Welcome to the NVIDIA Software Installer for Unix/Linux

Detected 4 CPUs online; setting concurrency level to 4.

WARNING: You do not appear to have an NVIDIA GPU supported by the 375.66 NVIDIA
Linux graphics driver installed in this system. For further details,
please see the appendix SUPPORTED NVIDIA GRAPHICS CHIPS in the README
available on the Linux driver download page at www.nvidia.com.

The file ‘/tmp/.X0-lock’ exists and appears to contain the process ID ‘351’ of
a runnning X server.

ERROR: You appear to be running an X server; please exit X before installing.
For further details, please see the section INSTALLING THE NVIDIA DRIVER
in the README available on the Linux driver download page at
www.nvidia.com.

ERROR: Installation has failed. Please see the file
‘/var/log/nvidia-installer.log’ for details. You may find suggestions
on fixing installation problems in the README available on the Linux
driver download page at www.nvidia.com.

In the terminal.

Ok, so the NVidia driver you’ve got there doesn’t support your current GPU.

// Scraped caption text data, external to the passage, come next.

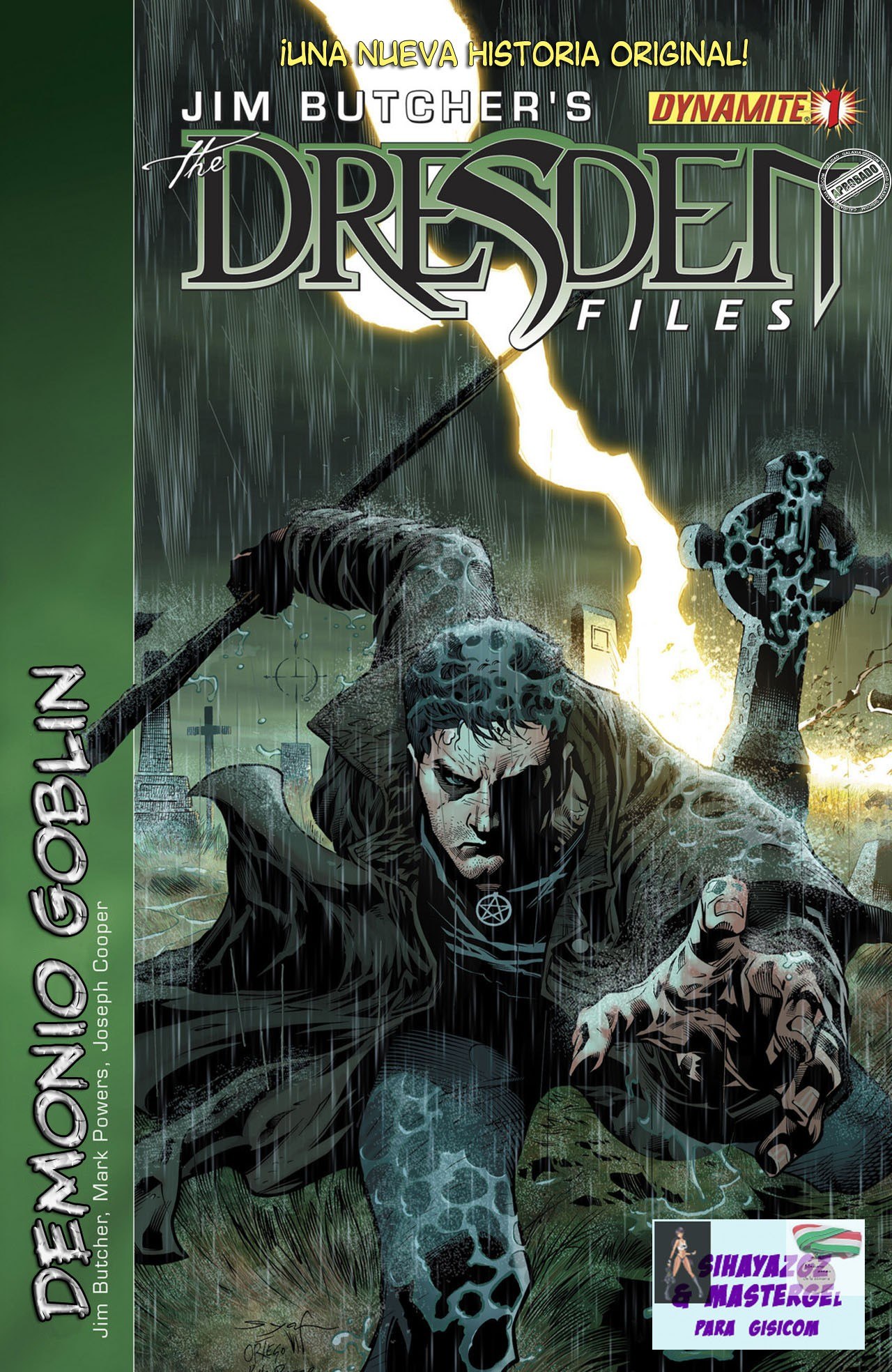 Portada ampliada de Dresden Files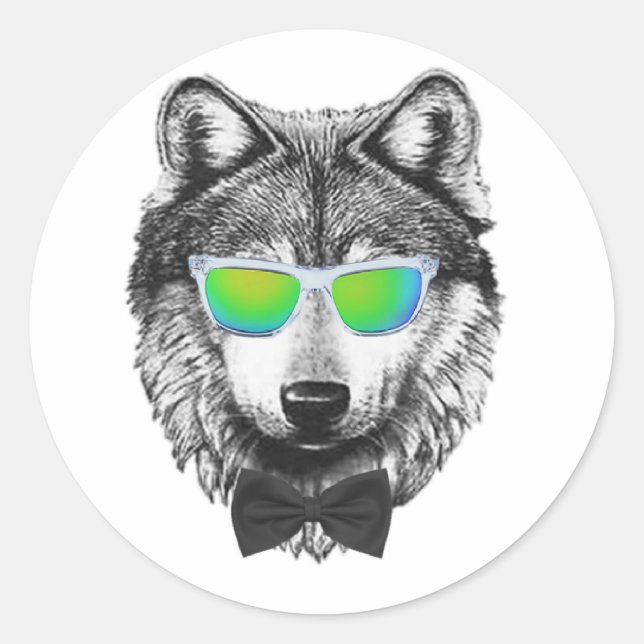 Wolfpack Classic Round Sticker (Front)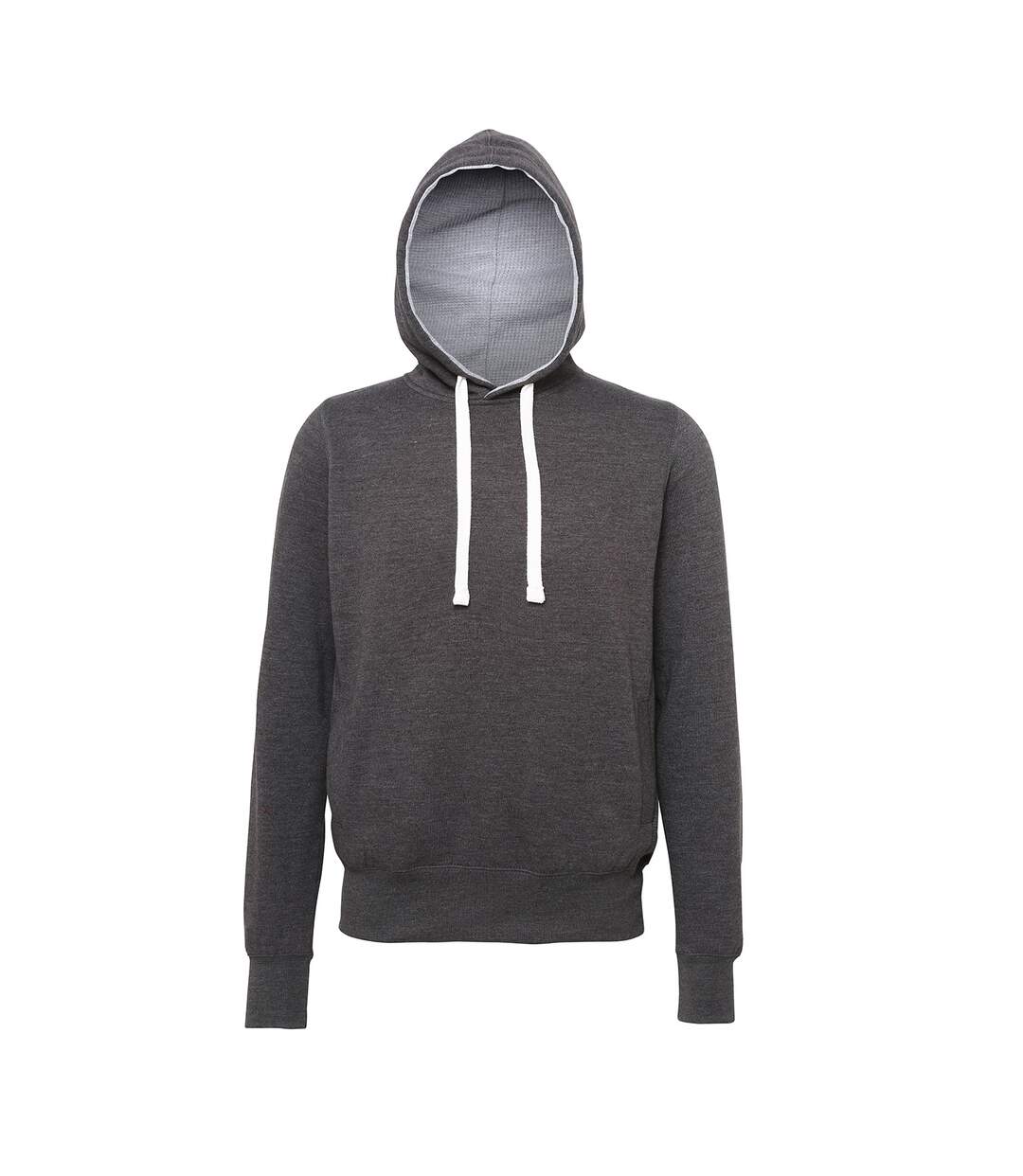 Sweat à capuche homme charbon Awdis-1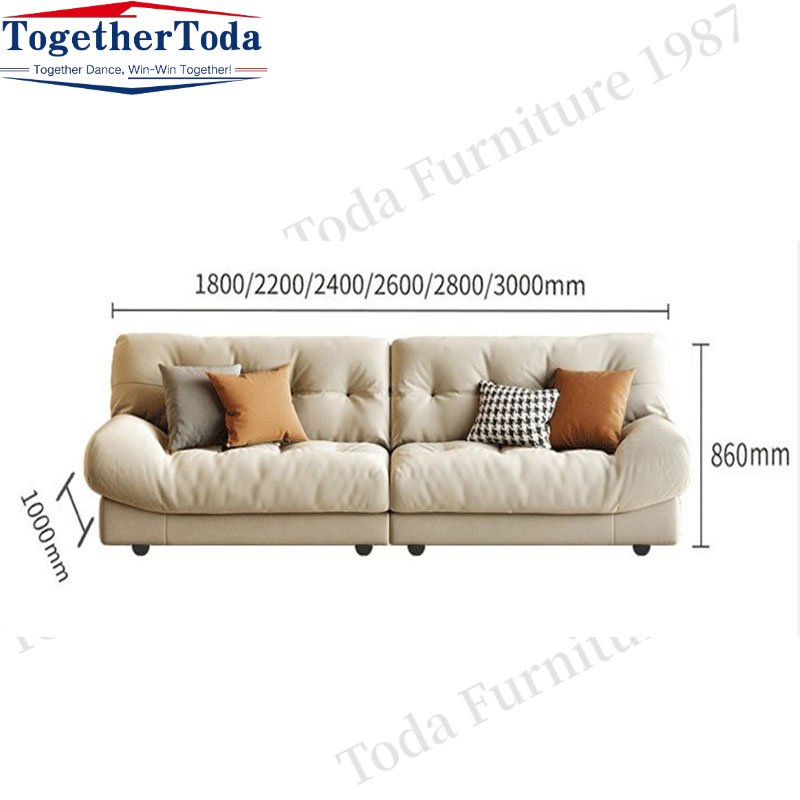 Living room furniture sofa set modern cloud couch sectional sofa furniture set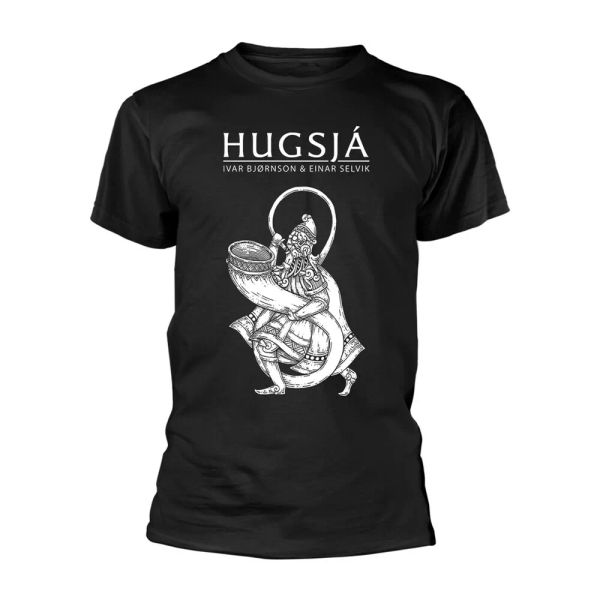 

ivar bjornson einar selvik hugsja official t-shirt men unisex, White;black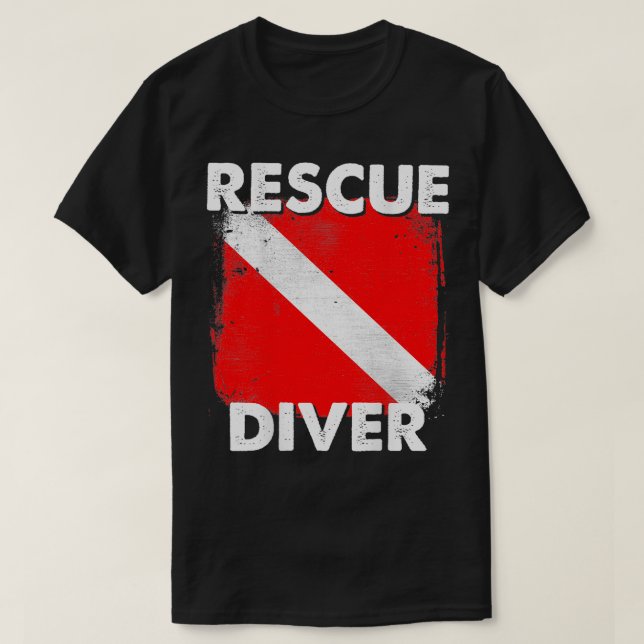 T-shirt SCUBA Secourt Diver pour instructeurs élèves Diver (Design devant)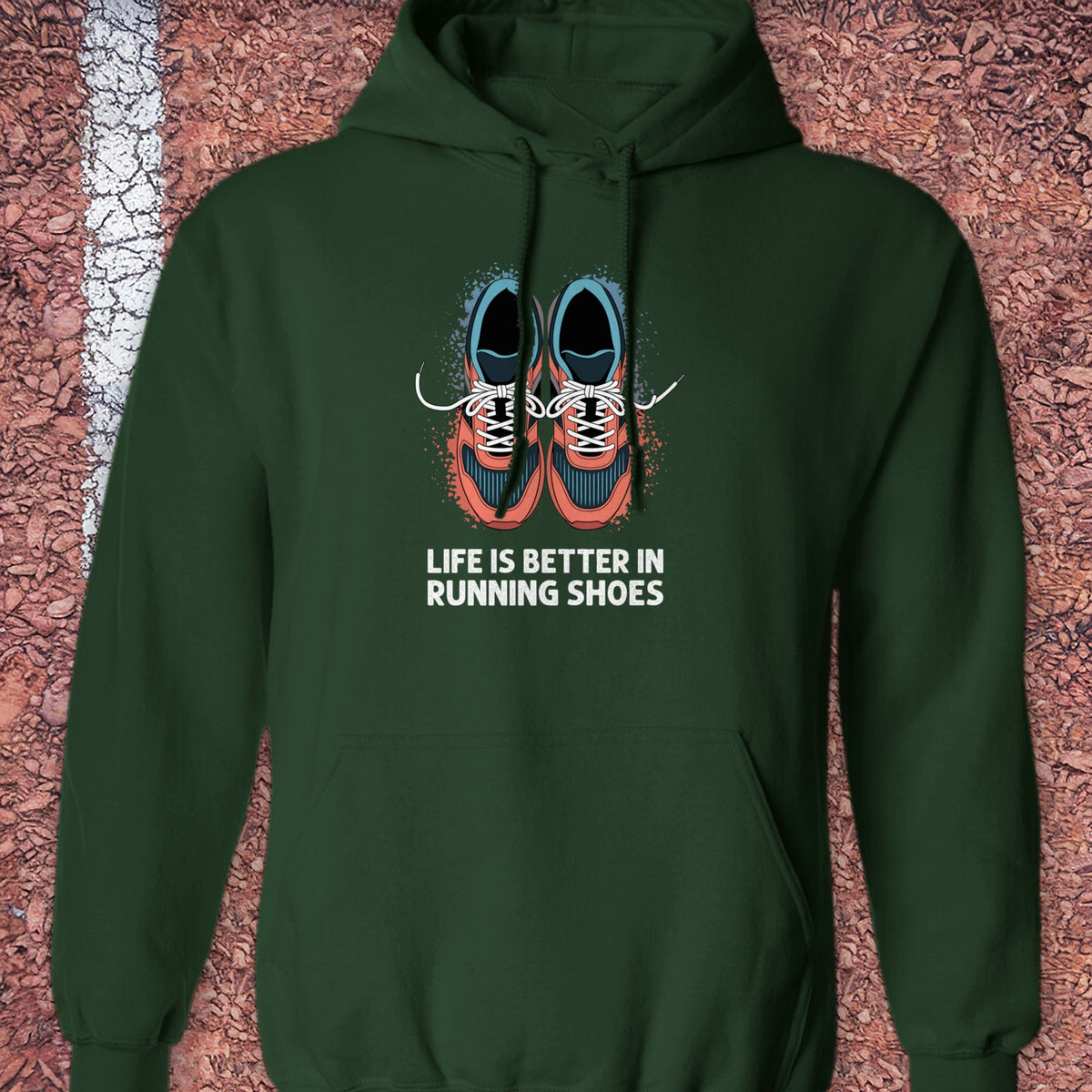 Life is Better Hoodie - Forest Green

Sounds like you may be new to Linux, or at least new to NVIDIA driver installation. Since you’re running Arch Linux, your best bet is probably to follow one of their NVidia driver installation guides, like this one:

As described here, it appears the simplest solution is for you to just let your package manager install the NVidia driver for you, rather to install it manually yourself.

If you don’t have success with that, follow-up here and we’ll try to help (for starters, you’ll need to tell us what GPU you do have; see the wiki page linked above for details).